Date: Mon, 7 May 2001 17:56:01 -0700 (PDT) From: Matt Dillon <dillon@earth.backplane.com> To: Rik van Riel <riel@conectiva.com.br> Cc: <arch@freebsd.org>, <linux-mm@kvack.org>, <sfkaplan@cs.amherst.edu> Subject: Re: on load control / process swapping Message-ID: <200105080056.f480u1Q71866@earth.backplane.com> References: <Pine.LNX.4.33.0105071956180.18102-100000@duckman.distro.conectiva>
next in thread | previous in thread | raw e-mail | index | archive | help
:> to be moved out of that queue for a minimum period of time based
:> on page aging. See line 500 or so of vm_pageout.c (in -stable) .
:>
:> Thus when a process wakes up and pages a bunch of pages in, those
:> pages are guarenteed to stay in-core for a period of time no matter
:> what level of memory stress is occuring.
:
:I don't see anything limiting the speed at which the active list
:is scanned over and over again. OTOH, you are right that a failure
:to deactivate enough pages will trigger the swapout code .....
:
:This sure is a subtle interaction ;)
Look at the loop line 1362 of vm_pageout.c. Note that it enforces
a HZ/2 tsleep (2 scans per second) if the pageout daemon is unable
to clean sufficient pages in two loops. The tsleep is not woken up
by anyone while waiting that 1/2 second becuase vm_pages_needed has
not been cleared yet. This is what is limiting the page queue scan.
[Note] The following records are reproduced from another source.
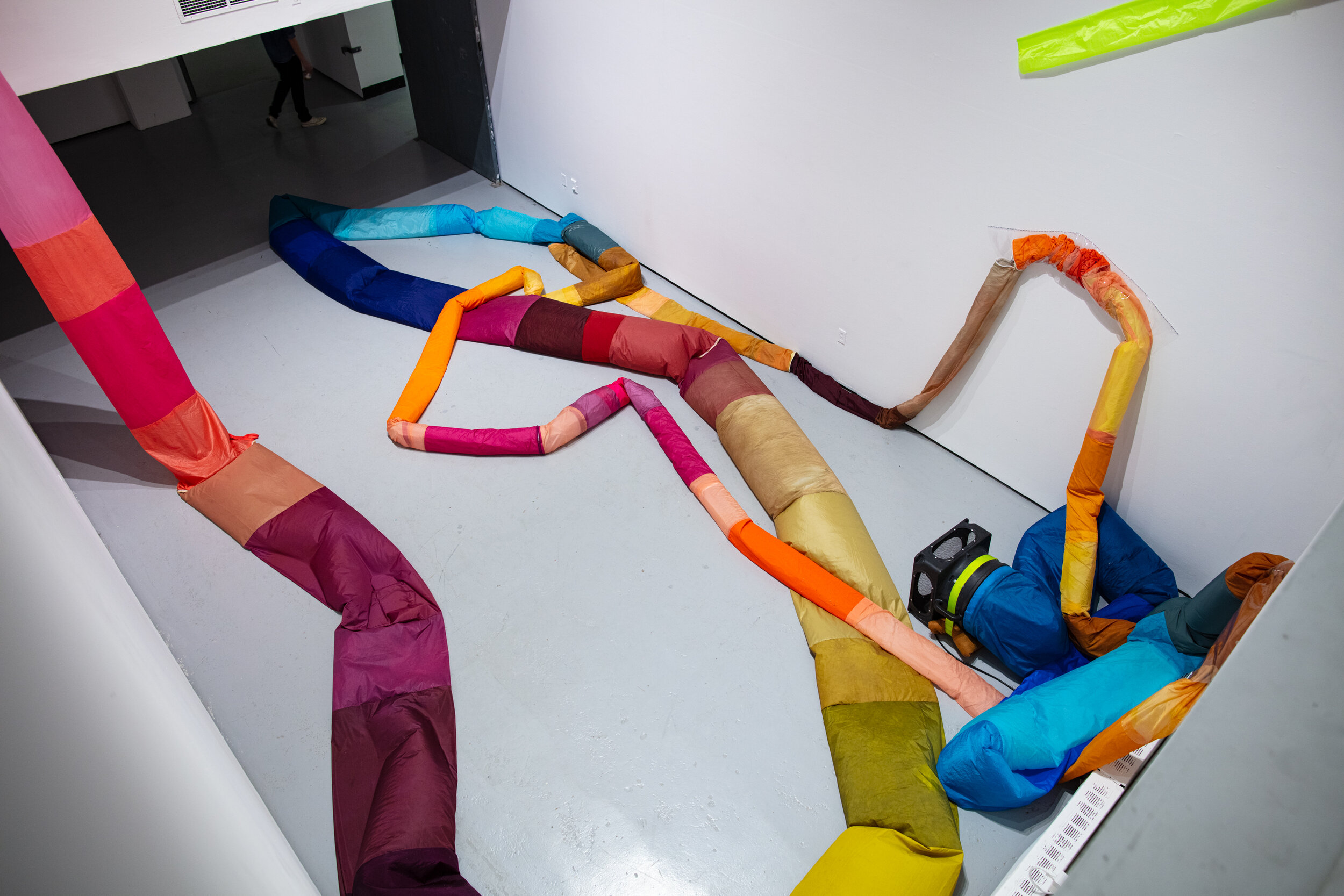  Peyton Peyton  Labber Rinse Repeat , 2020 thread, acid-dyed nylon, plastic tarp, zippers, elastic, velcro, staples,  clear vinyl, air blowers, interval timers, decoy duck butts, cushion dimensions variable to installation photo by Ronghui Chen 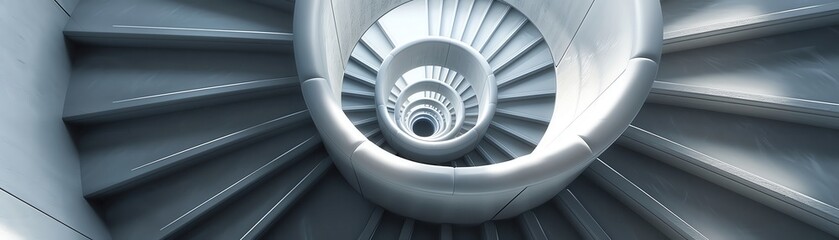3D spiral staircase with dramatic lighting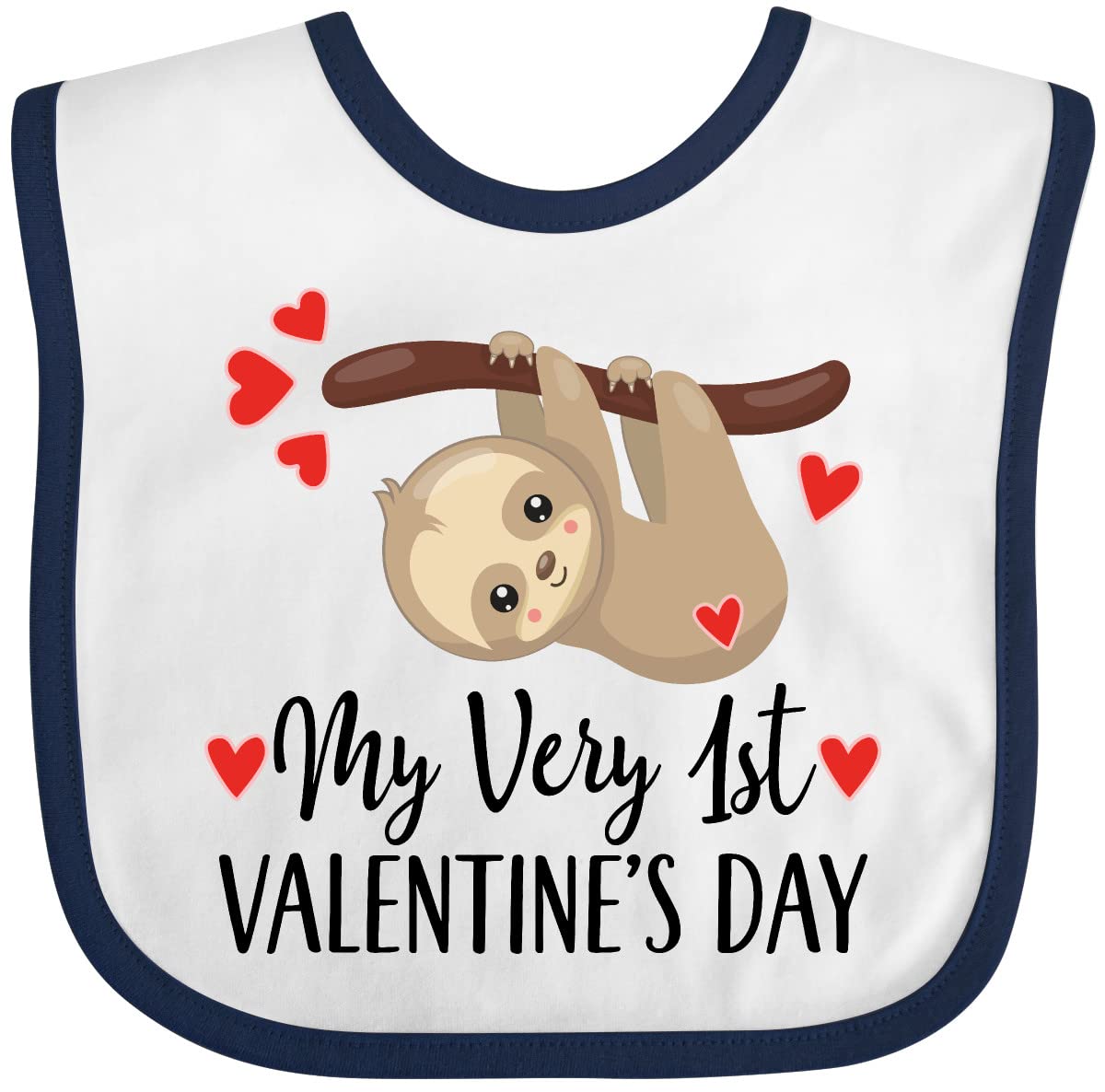 Inktastic My First Valentines Day Baby Sloth Baby Bib White And Navy 39C36
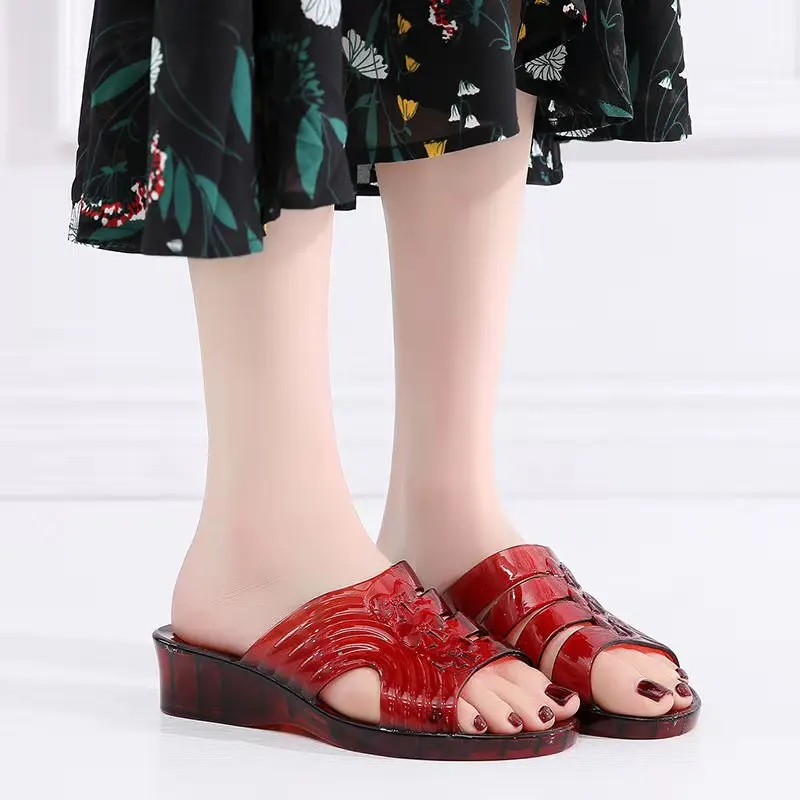 
ladies crystal PVC jelly slide sandals women slippers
:> When a process is swapped out, the process is removed from the run
:> queue and the P_INMEM flag is cleared. The process is only woken up
:> when faultin() is called (vm_glue.c line 312). faultin() is only
:> called from the scheduler() (line 340 of vm_glue.c) and the scheduler
:> only runs when the VM system indicates a minimum number of free pages
:> are available (vm_page_count_min()), which you can adjust with
:> the vm.v_free_min sysctl (usually represents 1-9 megabytes, dependings
:> on how much memory the system has).
:
:But ... is this a good enough indication that the processes
:currently resident have enough memory available to make any
:progress ?
Yes. Consider detecting the difference between a large process accessing
its pages randomly, and a small process accessing a relatively small
set of pages over and over again. Now consider what happens when the
system gets overloaded. The small process will be able to access its
pages enough that they will get page priority over the larger process.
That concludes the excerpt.